State Department spokesman Mark Toner said the aid, which arrived on Tuesday, "consisted of more than 10,000 halal meals ready to eat, so-called MREs”, from US Defence Department stocks.
"Other items are en route and include medical supplies, uniforms, boots, tents, and personal protective gear," also from US reserves, Toner said.
Separately, senior US Senator John Kerry said he was drafting legislation to tap some of Gaddafi`s frozen assets to provide humanitarian aid to the rebels.
"What they`re looking for is, very simply, humanitarian assistance, technical assistance, the assistance that they believe they will need after the Gaddafi regime falls," said Kerry.
Inspired by the uprisings in other Arab nations, rebels have been fighting since mid-February to oust Gaddafi. They have met stiff resistance despite taking a large chunk of eastern Libya and establishing a stronghold in its main city of Benghazi.
In other combat, loyalists killed at least two rebels and wounded 15 near the rebel-held town of Zintan in the western mountains, a report said.
Rebel fighters came under attack from snipers when they entered Rya Ina village, about 15 kilometres (nine miles) east of Zintan, the correspondent said.
UN chief Ban Ki-moon urged Libyan Prime Minister Baghdadi Mahmudi to immediately stop attacks on civilians and called for an "end of fighting in Misrata and elsewhere”.
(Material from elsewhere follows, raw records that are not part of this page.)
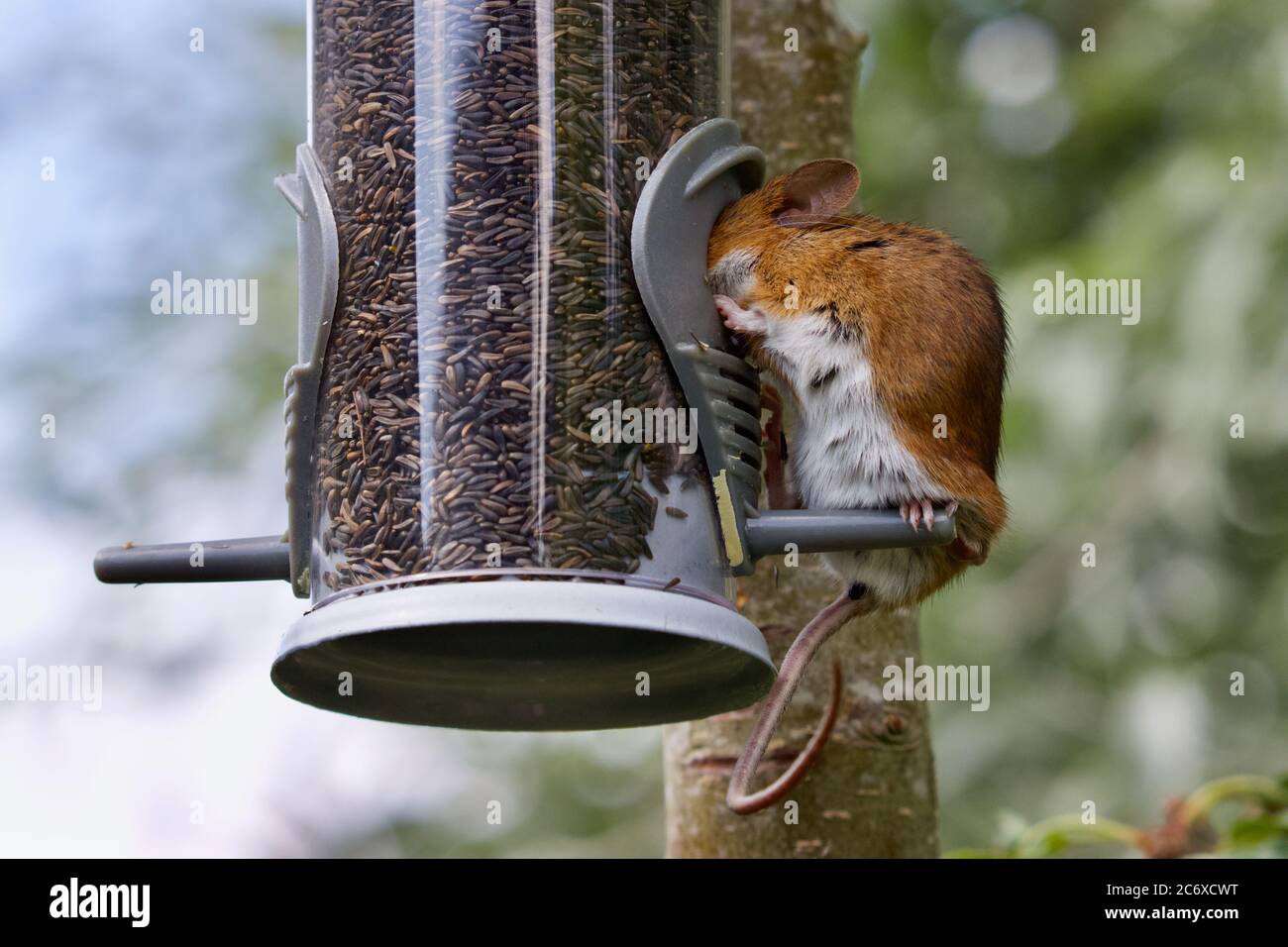 Passare il mouse su un albero che si nutre di semi di nyjer Foto Stock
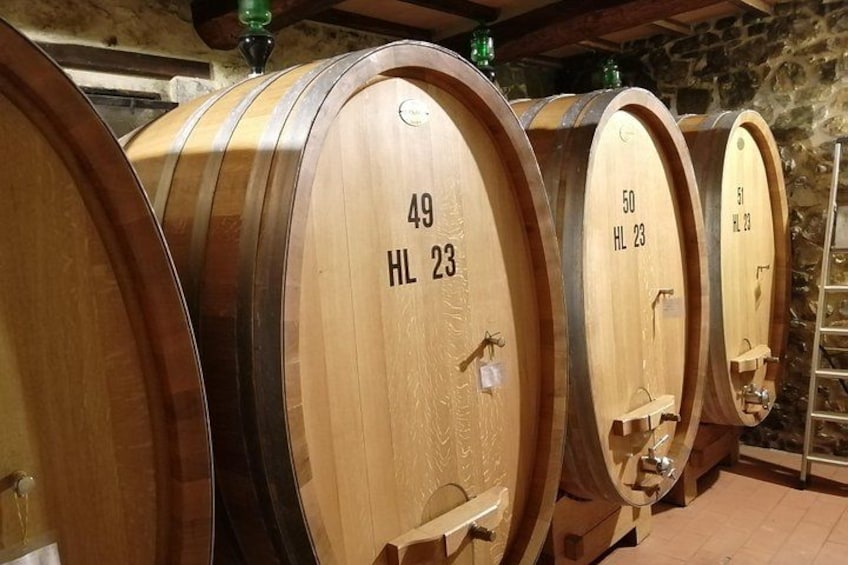 Brunello Wine barrels 2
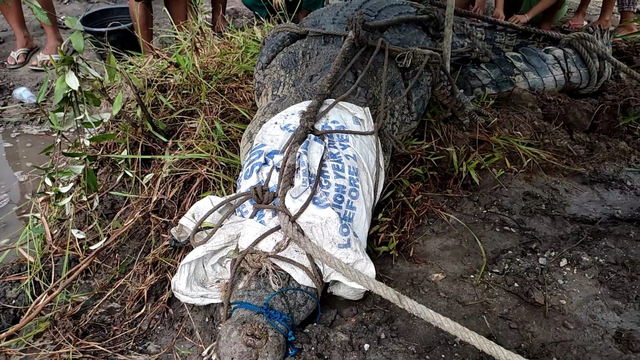 Penampakan Buaya yang Menyerang Pekerja Tambang di Bangka (18665)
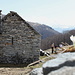 alpe orino
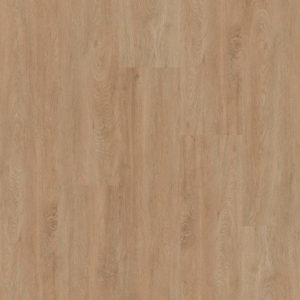 Therdex - Basic Serie - 2010 - Dryback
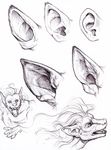  canine ear_transformation hibbary human mammal pointe_ears snout transformation were werewolf wolf 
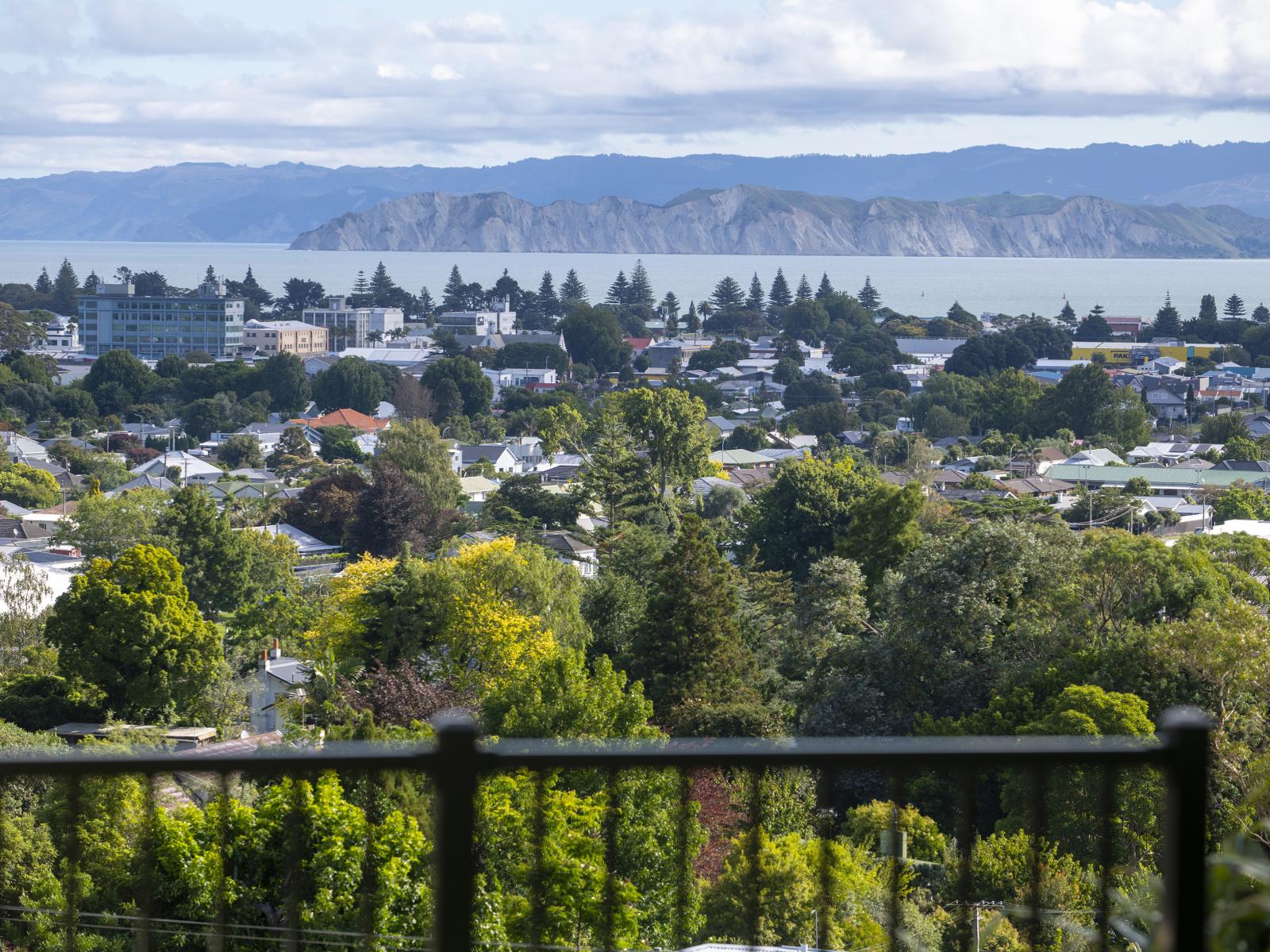 194 Ballance Street, Whataupoko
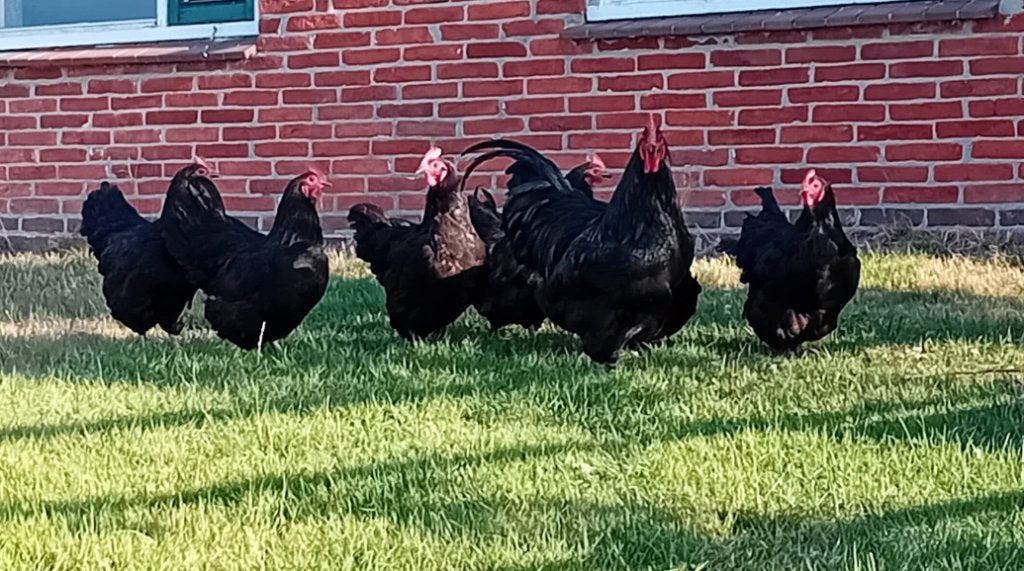 australorp hennen groot, Dieren en Toebehoren, Pluimvee, Meerdere dieren, Kip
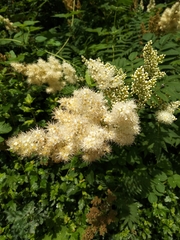Filipendula ulmaria
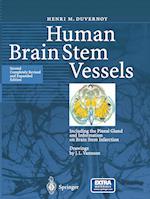 Human Brain Stem Vessels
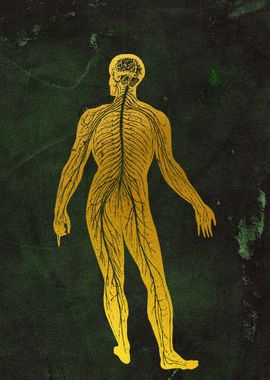 Nervous system 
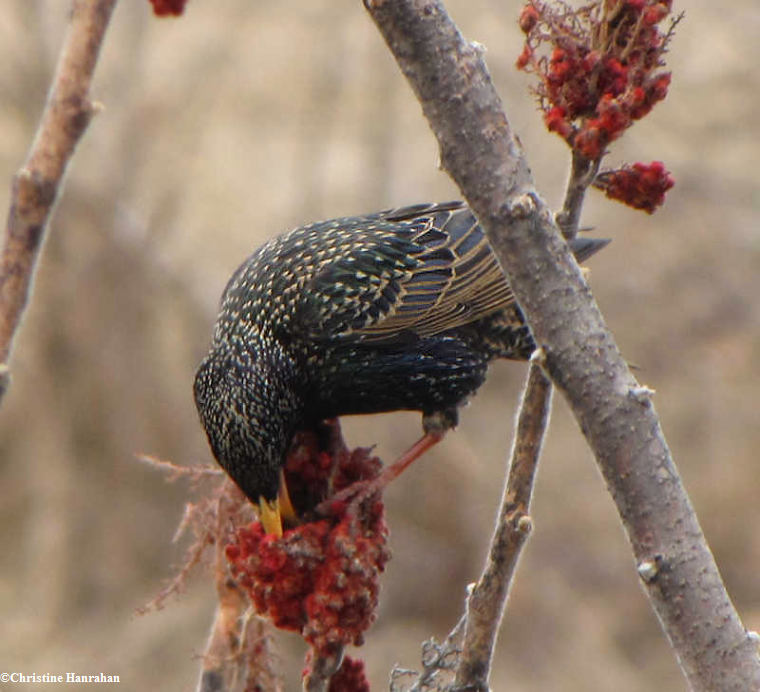 Starling on sumac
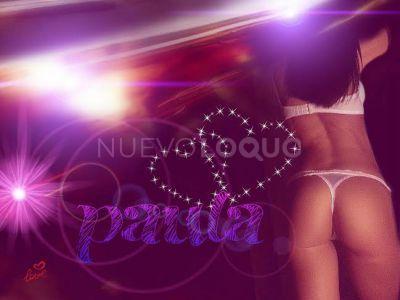 NuevoLoquo3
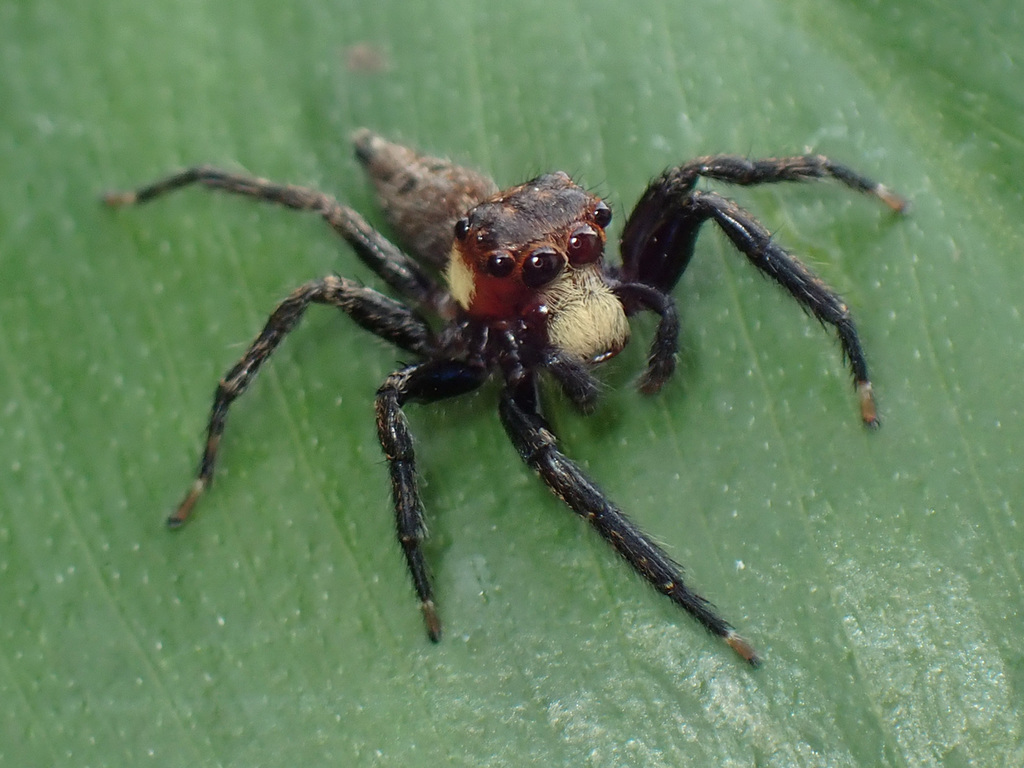 Triggella infuscata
And Poland`s Radoslaw Sikorski became the first EU foreign minister to travel to rebel-held eastern Libya. In Benghazi, he expressed support for the uprising, but stopped short of recognising the rebel administration.
"We believe that the best thing that Colonel Gaddafi can do is relinquish the reins of power," he said at a joint press conference with the administration`s vice chairman Abdul Hafiz Ghoga.